I don't do the wrestling thing now.  After going to college and living apart from all these things for four  years, you will be amazed how wicked it "suddenly" got while you were gone. The nakedness, immorality, cursing, drinking, drugs, and such have become what "Big Time Wrestling" is all about.  We've come a long way from "To all my little Hulkamaniacs, say your prayers, take your vitamins and you will never go wrong."  Enough reminiscing....
I have however learned, that we are all engaged in some "Big Time Wrestling."  The Scriptures read:
For we wrestle not against flesh and blood, but against principalities, against powers, against the rulers of the darkness of this world, against spiritual wickedness in high places.

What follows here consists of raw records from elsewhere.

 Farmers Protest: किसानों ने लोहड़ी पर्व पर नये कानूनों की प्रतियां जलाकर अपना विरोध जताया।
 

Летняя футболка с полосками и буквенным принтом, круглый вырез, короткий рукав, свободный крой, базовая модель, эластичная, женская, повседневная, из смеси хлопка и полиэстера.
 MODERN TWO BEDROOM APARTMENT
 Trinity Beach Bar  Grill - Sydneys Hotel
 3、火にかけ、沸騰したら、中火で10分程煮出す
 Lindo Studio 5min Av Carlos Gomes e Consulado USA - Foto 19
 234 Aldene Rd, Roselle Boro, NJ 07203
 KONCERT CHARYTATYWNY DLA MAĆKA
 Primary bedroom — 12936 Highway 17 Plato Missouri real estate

Eph. 6:13
When I became a pastor, one of the first things that I realized was the reality of a spiritual warfare going on all around me.  The Devil is fighting and fighting hard.  The Devil hates a Christian's life and testimony, the Gospel being preached, a Godly family, and God honoring churches.  He seeks to destroy them, and we are engaged in a big time wrestling match.   At least, we should be.

I fear that too many Christians are "George South" Christians.  George South was a wrestler 'back in the days' who was every heroes punching bag.  I remember groaning every time he was introduced as an opponent.  I think I personally saw Rick Flair put George South in the figure 4 100 times.  The script was for the hero to beat around on George South and then 'make that mistake.'  George South would then get the upper hand on Rick Flair for a moment.  Enough for the crowd to get mad at him.  He would do his patented "stick the tongue out" at the fans and miraculously just about then the hero would arise from defeat and defeat George South.
I see so many Christians today who just expect to lose.  Their mentality and attitude is one of defeat.  For a moment in their life, when all is going well, they make a lot of noise and get all excited about God, and even "stick their tongue out" at the Devil and as soon as that pride shows itself, they fall and fall hard.

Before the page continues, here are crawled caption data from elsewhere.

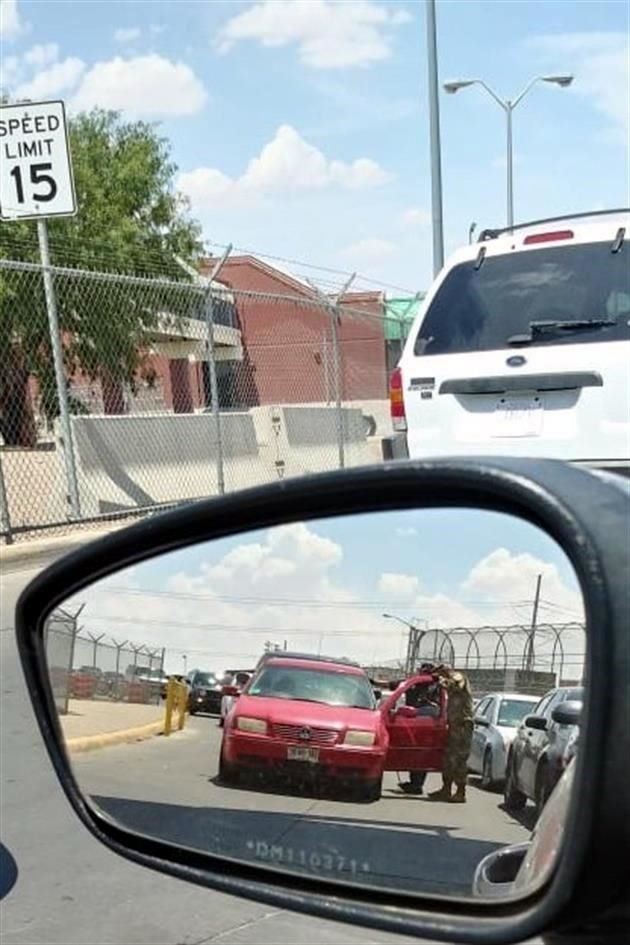 En el cruce Zaragoza-Ysleta militares y agentes del Departamento de Aduanas revisan a los vehículos.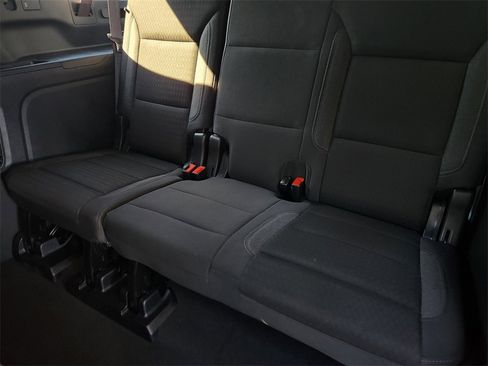 Used 2025 Chevrolet Suburban LS image 31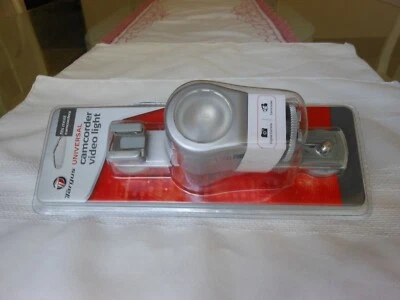 Luz universal para videocámara Targus TG-RSVL - Se adapta a la mayoría de las videocámaras Foto 1 de 4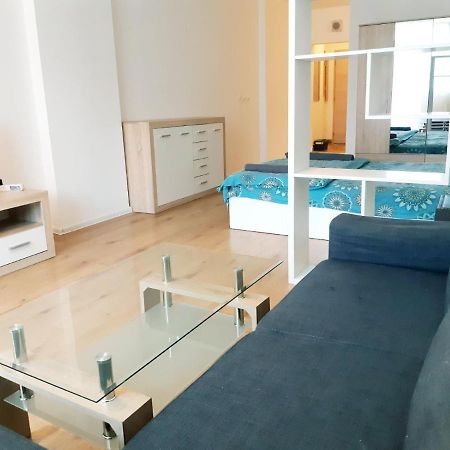 Huge Apartment With A Parking Space In The Same Building Sofia Exterior foto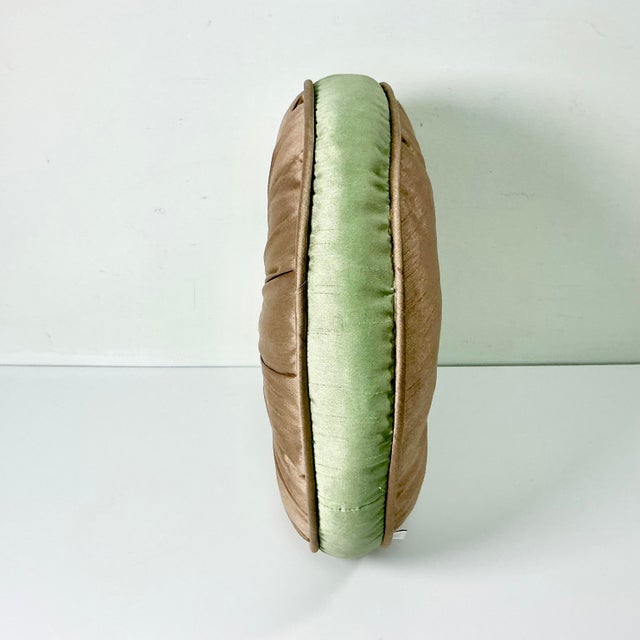 1960s Mid-Century Hollywood Regency Boho Chic Round Silk Pleated Button Decorative Pillow. For Sale - Image 10 of 13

We are to be engaged in this spiritual wrestling match, and the great part is, we are victorious.  Our victory is promised when we fight this battle through our Lord Jesus Christ.  At the moment, we may have to endure some afflictions. As I sit and write this, my heart is so heavy for so many.  It seems as if the last month has been filled with news of brothers and sisters in Christ, churches, and pastors and their families under oppression and attack.  Just this week, a pastor called to ask for prayer as his family is under attack and being divided.  How my heart aches for these I love.  Yet, we understand, that while on this earth we saints will experience “hardness, as a good soldier of Jesus Christ.”  We will be at war and must be “a soldier.”  Peter speaks of these seasons of “heaviness through manifold temptations” we will face in his epistle.  So what are we to do?

The answer you will find in 2 Timothy two and 1 Peter one and throughout God’s Word is “endure.”  To endure means to hold fast, bare bravely and calmly on the shoulders.  Peter says that while enduring we can “greatly rejoice.”  How?  Because “the grace that is to be brought unto you at the revelation of Jesus Christ.”  Paul tells Timothy we endure because of “salvation which is in Christ Jesus with eternal glory.”  In other words, “It Will be Worth It All When We See Jesus!”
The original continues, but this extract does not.